Richard, Just when you thought you had enough mail from me already it seems I missed one... On Thu, Apr 16, 2009 at 6:05 PM, Richard Davies < richard.davies@elastichosts.com> wrote:
Sam Johnston wrote:
Here's a first pass at flattening the Atom into INI file format (basically what you had but with "=" for human & computer readability):
Great stuff - I think this is a big step forward to be able to express everything as a simple list of objects, each specified by simple key-value pairs. Hopefully we can also similarly add a JSON version using the same simple data structures, e.g.:
{"category":"server", "title":"Debian...", "mc.state":"running", ... }
JSON/YAML's on my todo list for this morning.
I've got two specific comments on the example you give:
1) I'm not sure INI format is actually the best text format for key-value. I'd prefer something easier to parse from Unix shell, which is where I imagine most simple scripts will be written. ElasticHosts went with
"key" (without spaces), <space>, "value" (any characters including spaces)

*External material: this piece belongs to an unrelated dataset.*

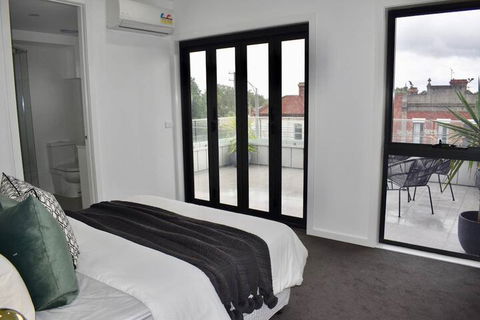 Brand New 2 Bed Apartment With Stunning City Views - Holiday Jervis Bay 6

since this can be parsed with
cat file | while read key value ; do ... ; done
I've found the tinydns-data <http://cr.yp.to/djbdns/tinydns-data.html>format a pleasure to work with as well, but in any case INI files are simple, standard across platforms, well defined, etc. You can parse them in shell like this<http://www.debian-administration.org/articles/55#comment_24> : #!/bin/sh [ -z "$1" ] || [ -z "$2" ] && exit 1 sed -e 's/[[:space:]]*\=[[:space:]]*/=/g' \ -e 's/;.*$//' \ -e 's/[[:space:]]*$//' \ -e 's/^[[:space:]]*//' \ -e "s/^\(.*\)=\([^\"']*\)$/\1=\"\2\"/" \ < $1 \ | sed -n -e "/^\[$2\]/,/^\s*\[/{/^[^;].*\=.*/p;}" For python you have ConfigParser<http://docs.python.org/library/configparser.html>, PHP has parse_ini_file <http://fr3.php.net/parse_ini_file>, Perl (as per usual) has a dozen or so options<http://win32.perl.org/wiki/index.php?title=INI-file_Modules>then there's libini <http://sourceforge.net/projects/libini/> and its ilk. We need a way to group lines together: - INI style headers (e.g [decca5a5-8952-4004-9793-cdbbf05c3c63]) - ID prefixes (e.g. decca5a5-8952-4004-9793-cdbbf05c3c63.content.cpu.cores = 2) - Blank line separators, with ID specified as an attribute (e.g. id = decca5a5-8952-4004-9793-cdbbf05c3c63) Except in the case where you retrieve a single object this is always going to add parsing complexity... but perhaps it's worth it just for the (common) case of dealing with a single object. 2) Going through the keys and values in detail:
[decca5a5-8952-4004-9793-cdbbf05c3c63]
I like UUIDs and ElasticHosts also uses them, but I might loosen the requirement to any unique string of hex and dashes (since other vendors may prefer to number sequentially, etc.)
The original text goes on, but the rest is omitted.